One of these anxiety session fueled by a weekend alone at the apartment was the term Olive Juice for the potential name. There’s an old New York vibe that has been making its way into my food & product photos and it’s planning on staying. My style, once bright and saturated, is shifting to an antique and documentary style based off vintage food & product photography of great artists such as Irving Penn and Romulo Yanes of Gourmet Mag. To see things simply with elegance and have them unfold organically. When I think of them, I think of seafood and martinis. We will see if I find something that sticks or if I settle with keeping everything local on @sammykeller. The real question is - why does any of this matter? No idea but categorizing photography and giving it a personality gives me some agency and sense of control so I will take it. 

Third, the avoidance I’ve had on Instagram in sharing my photoshoots, my personal life, my mental health, politics and world issues is because this has been an extremely educational time for me where I am avoiding any type of reactive posting and anything that comes off as performative. 

I’ve been really protective of my world lately and living in the present. Health is slowly becoming a priority again, especially after the passing of our close & dear sweet friend Miles. Loss changes your DNA. I don’t have proof of it but each time we say goodbye, I feel myself forever different. Loss can bring us to a better version of ourselves which is one of the view rays you get during the lifelong grief that follows. I’m still on the beginning of thit health journey but don’t get me raving about the magic of mushrooms, water and my skin care routine.

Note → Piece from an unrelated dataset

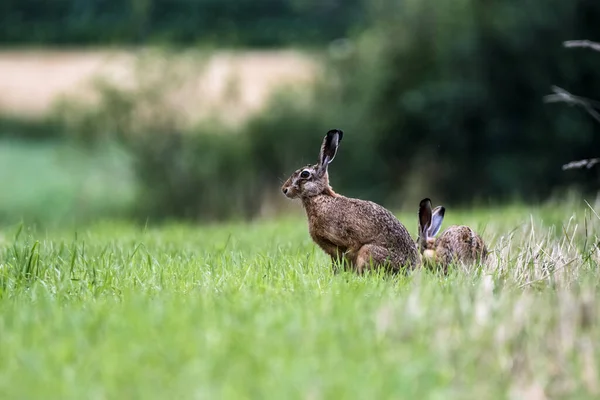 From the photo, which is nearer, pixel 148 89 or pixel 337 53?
pixel 148 89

All this time not having participated in social media, watching from a distance, has made it difficult to return in the ways I once had (ie. posting photos of myself, sharing overly long captions about my work and mental health and the world (especially when I have this perfectly fine blog space I am paying for). 

I also realized I have a huge obligation to my subjects to not use their imagery for personal feelings although this varies from situation to situation. I have to relearn to share myself, to put myself out there again and that is a little bit scary for me. 

What became really apparent to me is how much of my identity had been entangled in social media and once I stopped using it ritually, I didn’t really know who I was… I discovered things like some of the words or photos on my captions weren’t pure at all. They had a glaze of intent that deeply troubled me.  So I worked on my lighting, on composition, on limiting my camera equipment on set, breathing, taking my time. Something I didn’t share with many was that I went through the beginning phases of applying to Parson’s MFA photography program but it become apparent that I was not in a position financially and I did not have the time to have my career while simultaneously going to art school to refine my skills. I knew then that the refining would have to be self sought and self taught. So I’ve been finding ways to challenge myself while simultaneously creating classrooms where I can test this knowledge. That’s been including the darkroom, the Big Shot Polaroid to 6 x 9 adaption and the 16mm Bolex motion camera. I am still in the deep throws of learning but I am ready to show some of what has been made as the goal of these sessions is to show humans. I coined the term Emotional Art during one of my “study” sessions. Art created through emotion responses is a visual therapy and reminders that we are real. It eliminates the fear of doom and dissociation by containing displays of authentic moments. It’s art where you’ve “formed a relationship with a moment”. 

Well that’s all for now. I reached my 1100 word limit and I need to go breathe fresh air and soak in the sunshine.